Un jour, au Burkina Faso, l’évêque demande à tous les missionnaires de peau blanche de mon diocèse de quitter la région, devenue trop dangereuse à cause des nombreuses attaques des terroristes, des djihadistes…

Les Rois Mages ont quitté leur pays à la recherche de l’Enfant, Roi du monde. Joseph a pris l’Enfant et sa Mère, a quitté son pays pour fuir en Egypte. Aujourd’hui, dans le monde, de nombreuses familles (hommes, femmes, enfants) quittent leur pays ou leur région, chassés par les terroristes, les djihadistes, la guerre, la peur.

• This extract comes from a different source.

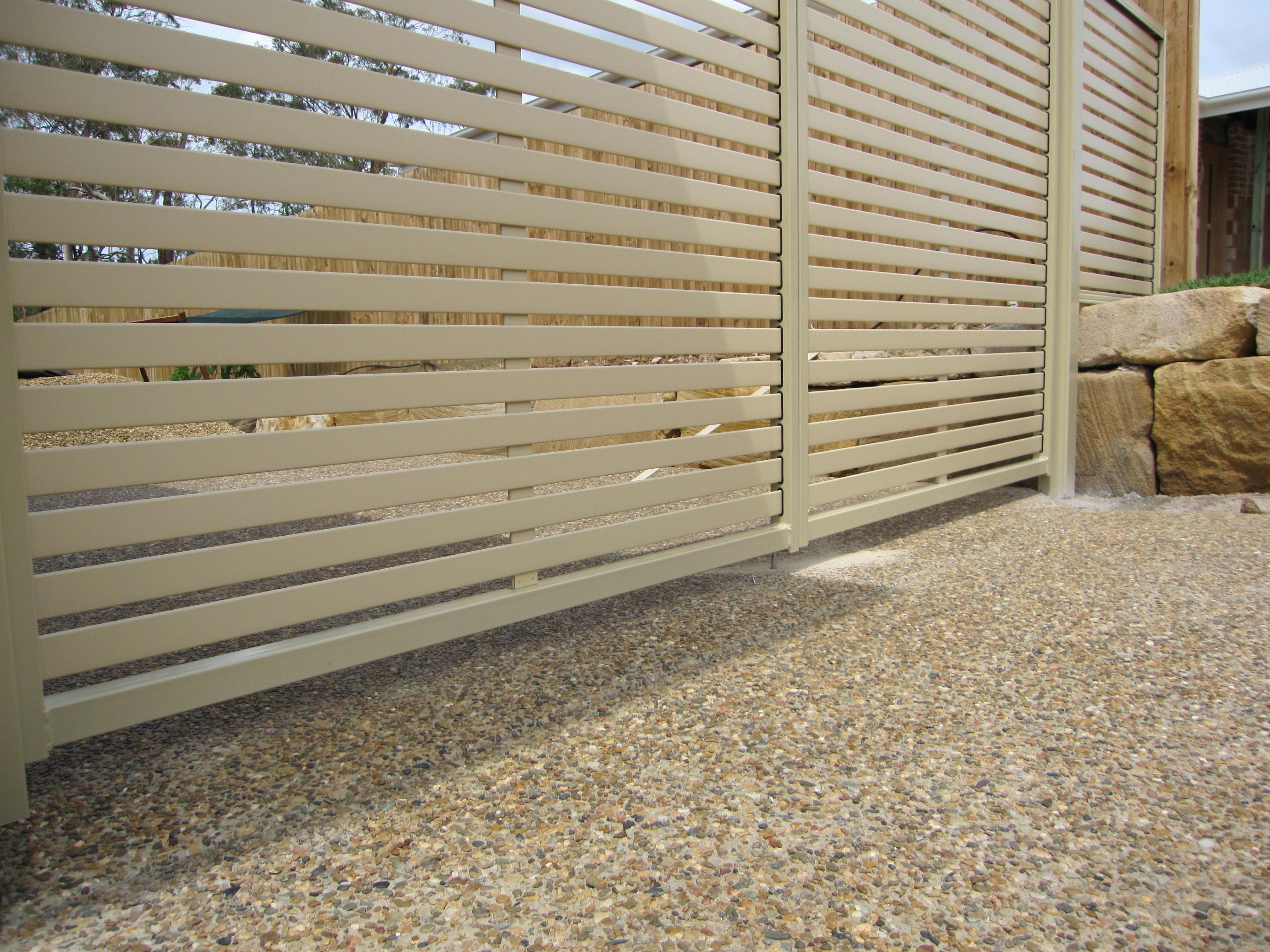 COLORBOND® Slat Pedestrian Gate | 875Wx1501H | 9mm Gap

Tous partent vers l’inconnu. Les Mages, sont peut-être sur des chameaux, Jésus et Marie sur un âne, les autres sont souvent à pied. Les uns scrutent l’Etoile, les autres guettent le bateau qui va les emmener « ailleurs », beaucoup fixent leurs pieds sur des chemins de terre, avec la peur au ventre, sans regarder en arrière vers les champs abandonnés, les maisons brûlées. Tous espèrent un « meilleur », la paix. Ils ont tout perdu, ils cherchent un refuge et ils deviennent des réfugiés.

Un jour, au Burkina Faso, l’évêque demande à tous les missionnaires de peau blanche de mon diocèse de quitter la région, devenue trop dangereuse à cause des nombreuses attaques des terroristes, des djihadistes. En 24 h, il nous a fallu tout laisser, faire une petite valise et y fourrer 50 ans d’Afrique. Partir, sans dire au revoir à personne. Tout quitter et surtout ce peuple aimé qui m’a tant donné, qui m’a fait devenir ce que je suis aujourd’hui. Partir comme un voleur, dans la nuit à 5 h du matin.

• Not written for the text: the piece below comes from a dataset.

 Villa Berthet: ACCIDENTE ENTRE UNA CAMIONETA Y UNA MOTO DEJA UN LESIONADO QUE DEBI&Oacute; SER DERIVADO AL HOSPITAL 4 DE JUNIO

« Quitte ton pays d’adoption pour retourner dans ton pays d’origine ». J’ai tout laissé, mais je n’ai pas tout perdu comme tant de mes frères et sœurs chassés de leurs villages. J’ai quitté toute ma grande famille africaine pour retrouver ma famille religieuse, ma famille biologique. Ma famille d’Afrique reste gravée dans mon cœur, comme dans la paume de mes mains. Je reste en communion profonde avec elle. Et Dieu me fait aujourd’hui le don de sa paix. Mon « quitte tout » est bien peu par rapport à celui de tous ceux-là qui perdent tout, sans espoir de retrouver quelque chose d’un peu équivalent très loin de chez eux, étrangers dans un pays inconnu, si loin, si seuls !!!

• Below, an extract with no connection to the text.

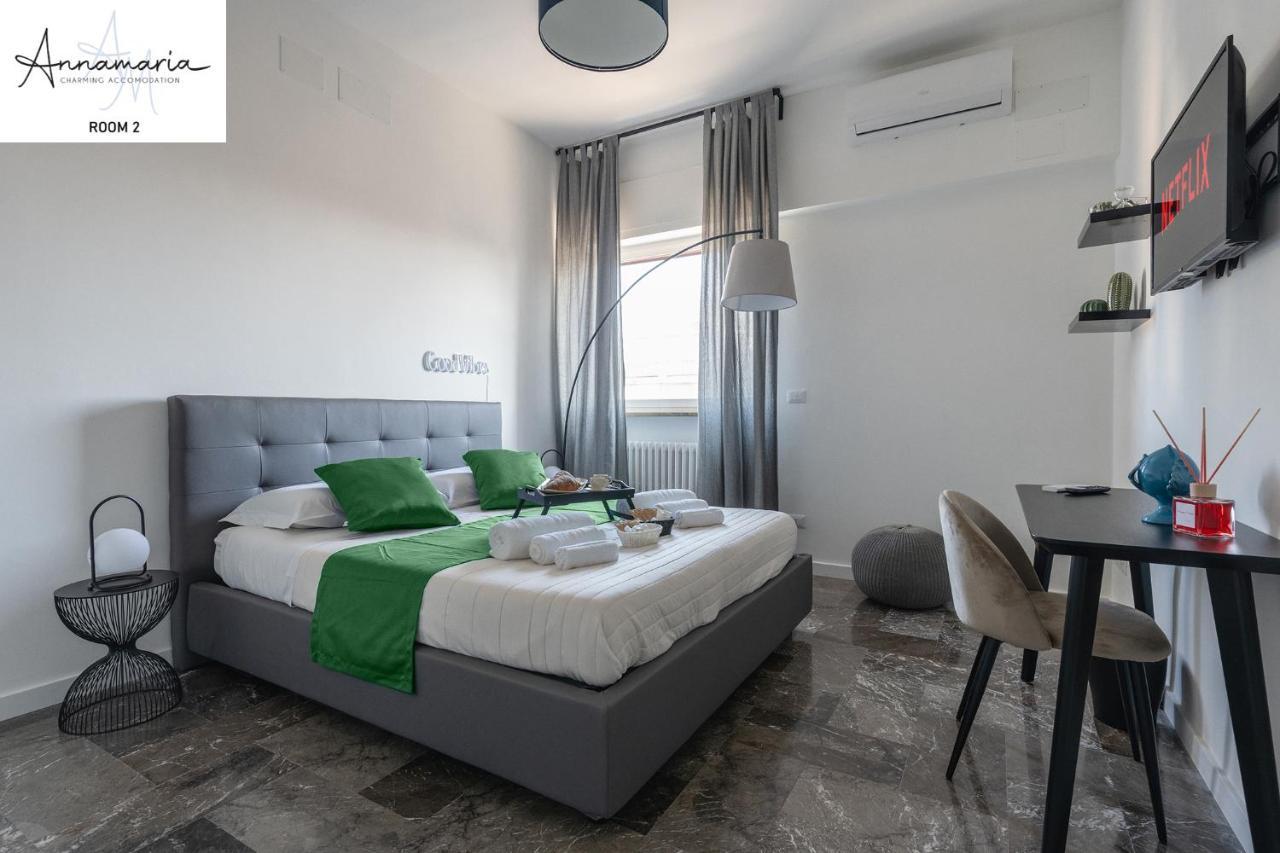 Annamaria - Central Station Charming Accommodation Bari Ngoại thất bức ảnh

Je ne fais aucune comparaison car chaque personne est unique, chaque situation est vécue aussi d’une manière unique, mais ce qui est sûr c’est que la personne déracinée part avec une grande blessure dans le cœur. J’admire la force intérieure de ces peuples qui partent sans savoir ce qu’ils vont trouver, sans savoir qui acceptera de les accueillir. Heureusement, il existe une grande fraternité dans la détresse et celui qui n’a presque rien partage avec celui qui n’a plus rien du tout.

Le cœur d’un homme est capable du meilleur quand celui d’un autre homme est capable du pire. Mais elle est si grande la foi de tous ces peuples en détresse ! Je veux croire que la Paix adviendra, que l’Amour l’emportera.